Berlin. Mit Merz hat die CDU den dritten Vorsitzenden in drei Jahren gewählt. Der neue Chef kämpfte nach der Wahl mit seinen Emotionen.

Es ist kurz nach Mittag, als Friedrich Merz öffentlich mit den Tränen ringt. Eben hat die übergroße Mehrheit der Delegierten des CDU-Digital-Parteitags den 66-Jährigen zu ihrem neuen Bundesvorsitzenden gewählt. Das Ergebnis könnte kaum besser sein: 915 von 983 Delegierten haben Merz die Stimme gegeben, 16 haben sich enthalten. Er kommt damit auf eine Zustimmung von fast 95 Prozent. Merz ist überwältigt.

Für einen Augenblick an diesem Samstag wird der neue starke Mann an der Parteispitze von seinen Gefühlen übermannt. So kannte ihn die Öffentlichkeit bislang nicht. „Ich nehme das Wahlergebnis an und bin tief bewegt und beeindruckt“, sagt Merz mit brüchiger Stimme, als er im Berliner Konrad-Adenauer-Haus ans Mikrofon tritt, „herzlichen Dank!“ Er wolle die Arbeit jetzt „mit Kraft und Herz zugleich“ anpacken, sagt er und fängt sich schnell wieder. Er hat sein Ziel endlich erreicht.
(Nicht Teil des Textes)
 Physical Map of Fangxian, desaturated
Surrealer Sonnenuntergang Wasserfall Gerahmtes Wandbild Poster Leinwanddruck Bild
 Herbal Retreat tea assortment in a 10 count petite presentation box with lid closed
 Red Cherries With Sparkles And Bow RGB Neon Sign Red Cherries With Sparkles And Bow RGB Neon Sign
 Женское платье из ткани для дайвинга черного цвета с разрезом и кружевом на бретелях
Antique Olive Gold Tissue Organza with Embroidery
Friedrich Merz: Aller guten Dinge sind drei

Drei Versuche hatte der Wirtschaftsfachmann und ehemalige Unionsfraktionschef unternommen, um auf jenen Posten zu kommen, um den er so beharrlich gekämpft hat. Bei seiner ersten Kandidatur um den CDU-Vorsitz im Jahr 2018 unterlag Merz gegen Annegret Kramp-Karrenbauer, 2021 dann gegen den bisherigen Amtsinhaber und gescheiterten Kanzlerkandidaten Armin Laschet. Diesmal hat es für Merz geklappt, selbst wenn seine Wahl formal immer noch nicht in trockenen Tüchern ist. Aus rechtlichen Gründen muss das Ergebnis noch per Briefwahl schriftlich bestätigt werden. So sind die Regularien bei Online-Parteitagen. Am 31. Januar wird ausgezählt.
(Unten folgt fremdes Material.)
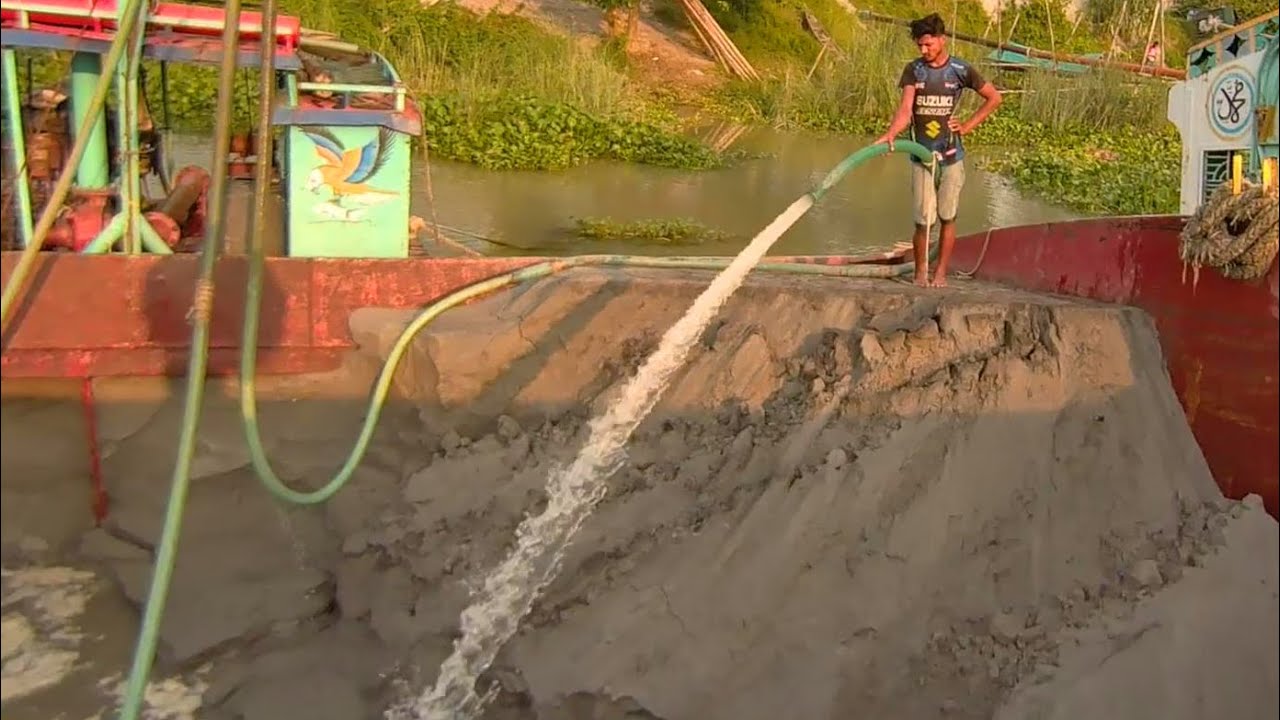 River Sand Mining: Powerful Water Jet Pump Loading a Barge | Sand Flow Chronicles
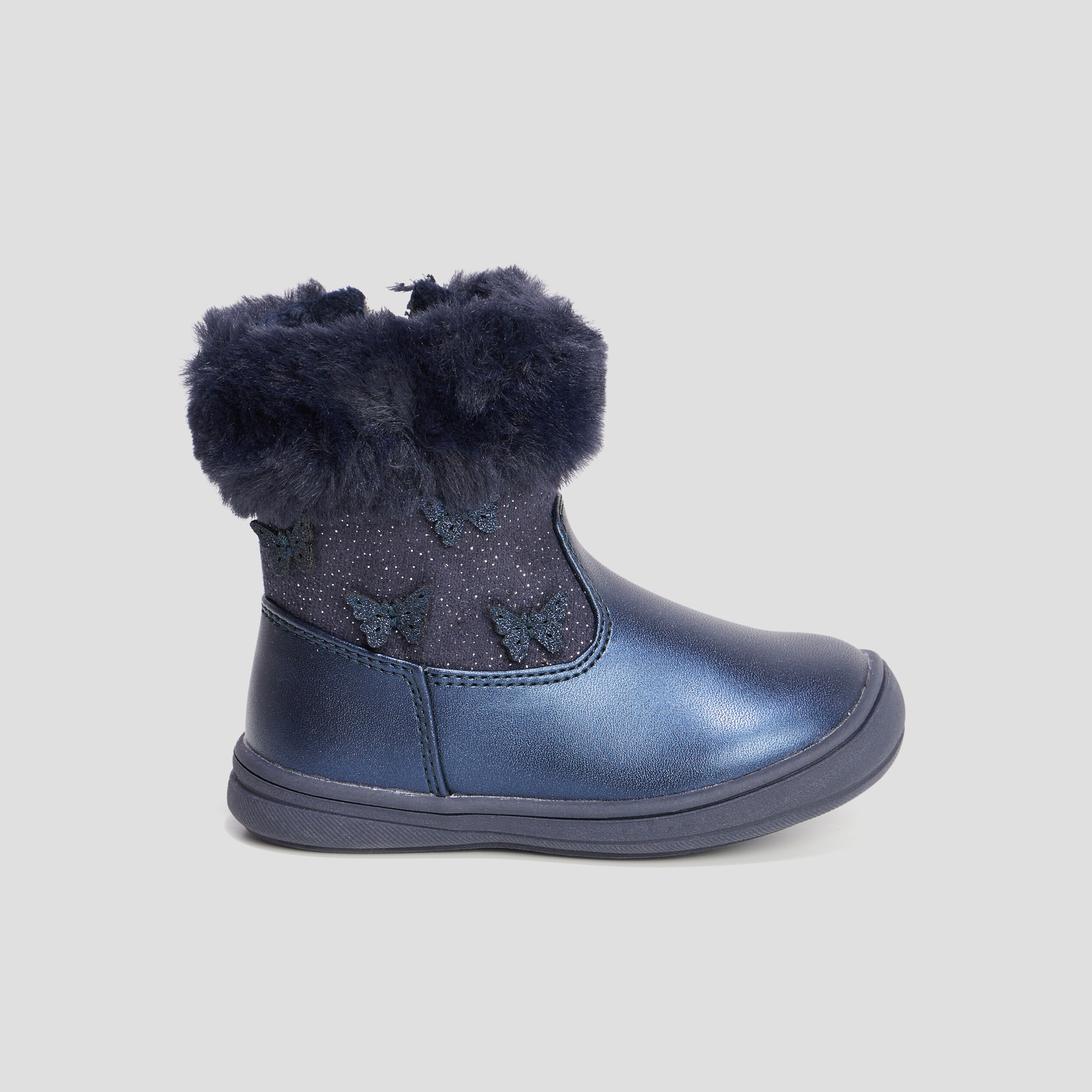 Bottines à fourrure et paillettes bleu marine bébé fille | La Halle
Dennoch ist an Merz‘ Erfolg nicht mehr zu rütteln. Selbst CSU-Chef Markus Söder, der am Samstagnachmittag live aus Bayern zugeschaltet ist, um Merz seine Glückwünsche übermitteln, klingt da ein bisschen neidisch: „Das ist schon ein dickes Pfund“, sagt Söder über das Ergebnis, „so was hätte ich selbst gern mal gehabt“. Merz war der einzige Kandidat. Er war zuvor bei der ersten Mitgliederbefragung der CDU zum Parteivorsitz im Dezember für das Amt mit 62,1 Prozent nominiert worden.
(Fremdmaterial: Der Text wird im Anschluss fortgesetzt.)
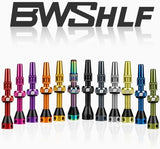 BWSHLF Tubeless Presta Valve Stem 40/44/55/60/65/70/80/100 mm, Super Light Alloy Presta Valve Stem Kit with Valve Core Remover Tool and Valve Stem Caps - Multiple Color and Size Options(Pair)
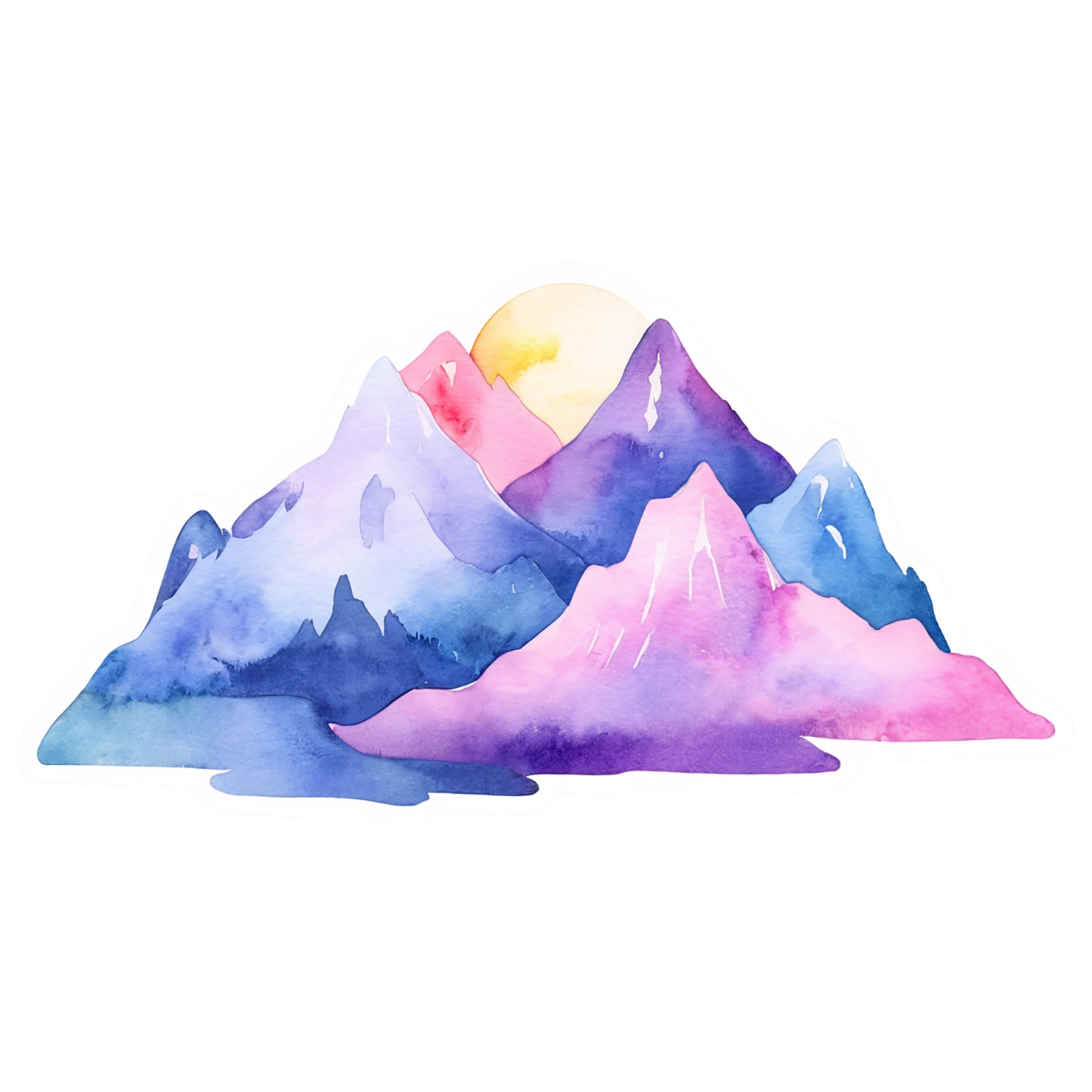 Mountain watercolor sticker isolated on transparent background #19859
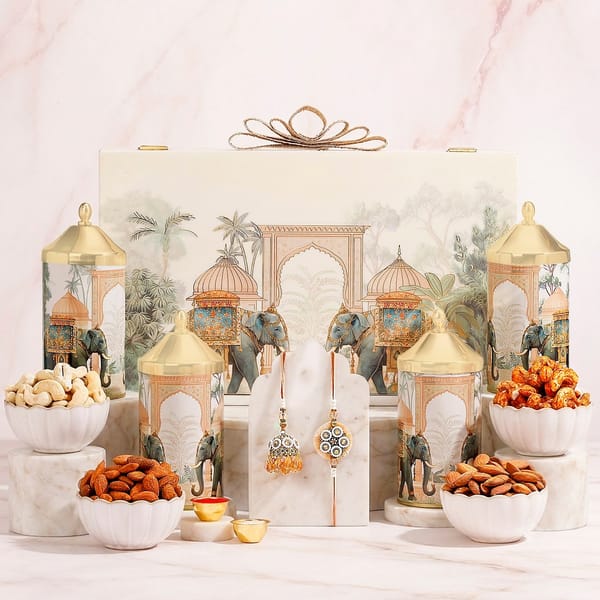 Luxury Bhaiya Bhabhi Rakhi Hamper with Gourmet Delights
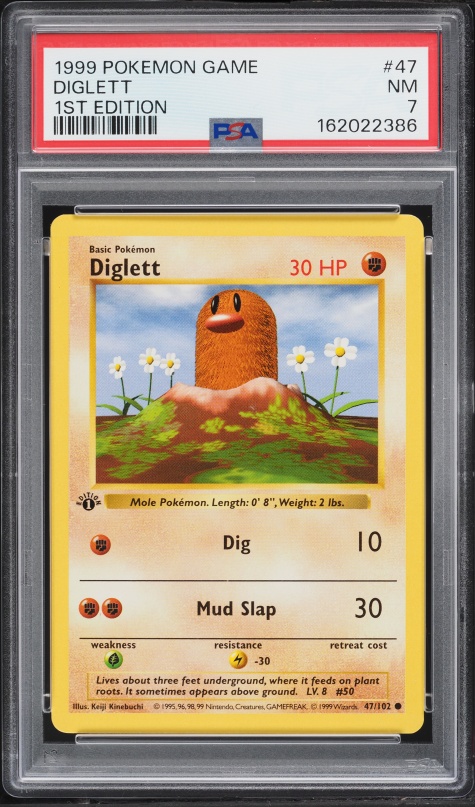1999 Pokemon Base Set Shadowless 1st Edition Diglett #47 PSA 7 NRMT
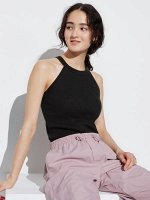 UNIQLO - майка с открытыми плечами и с чашечками - 09 BLACK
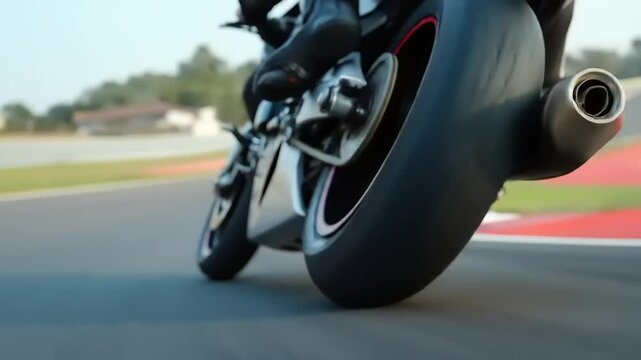 Motorcycle Race Track Speed Lean.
Merz dämpft Erwartungen an die CDU

In seiner Antrittsrede umreißt Merz, wohin er die CDU in den kommenden Jahren führen will – und dämpft zugleich Erwartungen an rasche Erfolge. Die Union müsse als Opposition von heute den Anspruch an sich selbst stellen, wieder die Regierung von morgen sein zu können, fordert Merz. „Täuschen wir uns nicht, bis dahin kann es ein weiter Weg sein. Wie lang der Weg wirklich wird, liegt nicht allein an uns, aber auch an uns“, mahnt Merz. Die entscheidende Voraussetzung sieht er in der Teamarbeit.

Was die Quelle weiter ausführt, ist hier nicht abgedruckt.